More than Performance and Personality of Man, Grace Counseling Rooted in the Righteousness (Person) of Christ

Performance Counseling (Plan B) to support going and giving is different than Grace Counseling (Plan A) which supports coming and receiving. The one focuses on counselees’ behavior, attempts to motivate and control their compliance through guilt, fear, ego, and intimidation, and relies on the skills, energy, and personality of the counselor. The other focuses on counselees’ unmet inborn needs and the brokenness that results, God’s provisions for meeting those needs, and the resources they can connect to through which those provisions flow from God into their lives. The one is a work-on-your-self, you-can-do-it strategy rooted in human strength; the other is rooted in the work of Christ within us to which we connect through confession of need.

“For I am not ashamed of (I am passionate for) the gospel… because it reveals 'who Christ is' in us (his righteousness) as God’s power (dynamic) for our healing.” – from Romans 1:16-17 (paraphrased)

DonLoy Whisnant/The Grace Perspective 12D27

Grace: The Freedom to Say NO

Hyper-Calvinism teaches a doctrine called “irresistible grace,” specifically meaning that God’s work to regenerate the unsaved is imposed. But grace cannot be defined as a gift if it is forced.

Consistent with this understanding, grace counseling does not attempt to control compliance. (If a counselee does not respond, the relationship is terminated.)

But grace counseling does call for counselees to give an honest hearing and consideration to the information we provide. The relationship is based on the confidence that the counselee has been guided by the Holy Spirit to  
  1. confess his/her need and God’s faithfulness to meet that need, and then to
  2. identify the resources through which God’s provisions flow into their lives to meet those needs.
Counselees’ may reject the information on its merit, but not because they are intolerant to being wrong, to not knowing everything, or to being taught. 

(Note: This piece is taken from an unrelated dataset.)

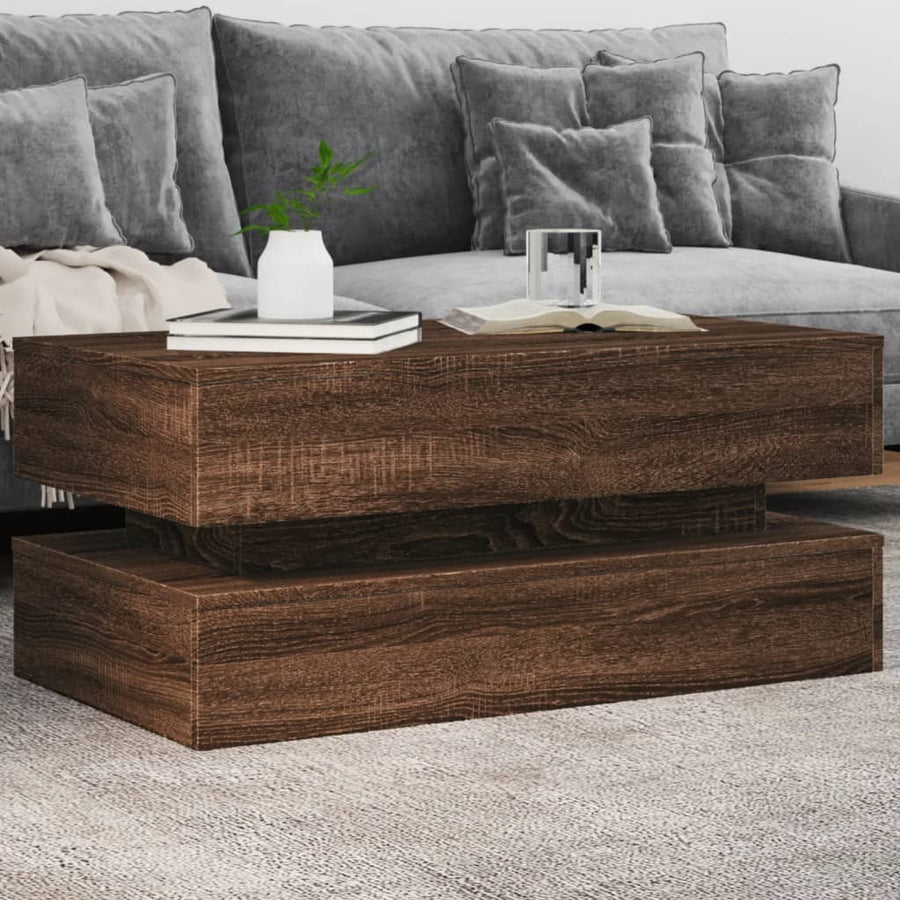 Salontafel Met Led-Verlichting Bruineikenkleurig bruin eikenkleur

Actually, the Holy Spirit is the Teacher and will guide us into all Truth - which means the grace counselor is only a vessel whom the Holy Spirit uses to support the counselee’s response/connection to Christ.

It is by virtue of this connection that (according to Galatians 5:23) the Holy Spirit
  1. communicates information to the counselee’s mind and then
  2. births/produces
  • faith (confidence) that the information is Truth,
  • humility to receive it, and
  • temperance to obey it.   
DonLoy Whisnant/The Grace Perspective 12D26

The Missionary/Evangelists Moving On, Going Elsewhere with the Message of Grace
I welcome the opportunity to speak to groups and also to individuals to share the message of grace God has given me. But I am also prepared at some point not to return (sometimes my choice, but often theirs).

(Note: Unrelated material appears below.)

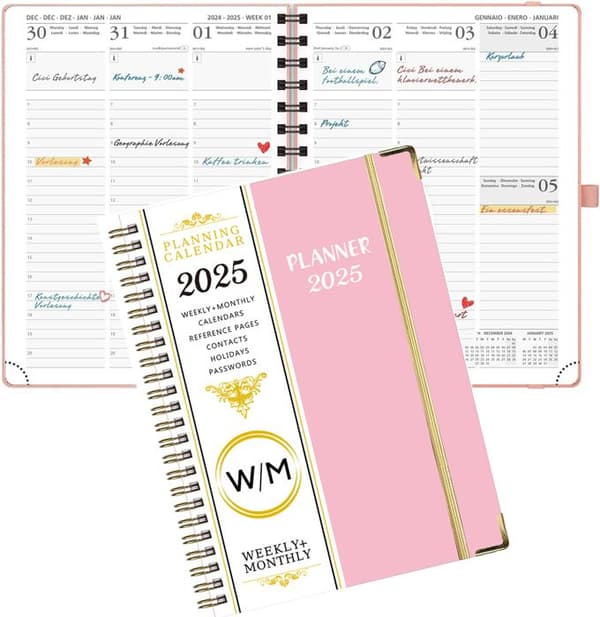 Agenda 2025 Veckovis 21,7 x 15,8 cm, Vertikal skolplanerare 12 månader 2025 med mjukt spiralskydd - Rosa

I have cleared many dinner tables, not of food and dishes, but of family and friends by talking about God’s provisions of Christ for our healing and happiness. Others have reached for their car keys, looked at their watches, or inched toward the door. Some have even turned to sit with their backs to me. My dull personality may be the reason. But it did not seem to be a problem in my earlier ministry when I hyped performance. In those days, they seemed to gather around.

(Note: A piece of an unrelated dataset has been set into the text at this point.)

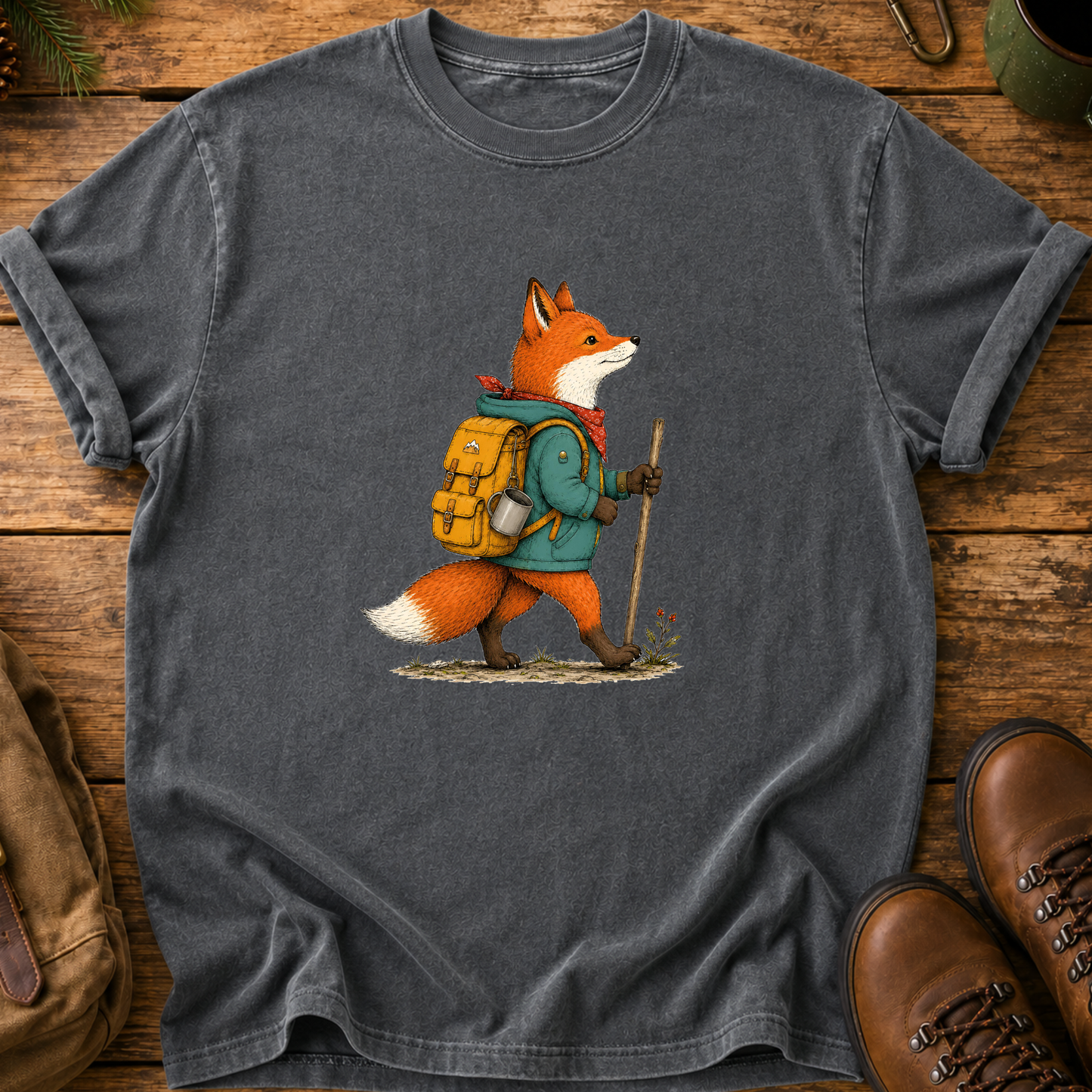 Hiking Fox Graphic T-Shirt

The crowds initially followed Jesus, some maybe to eat, and others maybe with hopes of receiving a healing miracle (to reverse the consequences of their poor choices). But it was the same crowd that walked away and eventually crucified him.
That is why Jesus instructed his disciples,

“Whatever town or village you enter, search for some worthy person there and stay at his house until you leave. As you enter the home, give it your greeting (begin to minister). If the home is responsive, let your peace rest on it (continue to minister); if it is not, let your peace return to you (discontinue ministry). If anyone will not welcome you or listen to your words, shake the dust off your feet when you leave that home or town. I tell you the truth, it will be more bearable for Sodom and Gomorrah on the day of judgment than for that town. I am sending you out like sheep among wolves. Therefore be as shrewd as snakes and as innocent as doves.” – Matthew 10:11-16

(This is a relevant message for a single man seeking to marry and serve a woman as her husband.)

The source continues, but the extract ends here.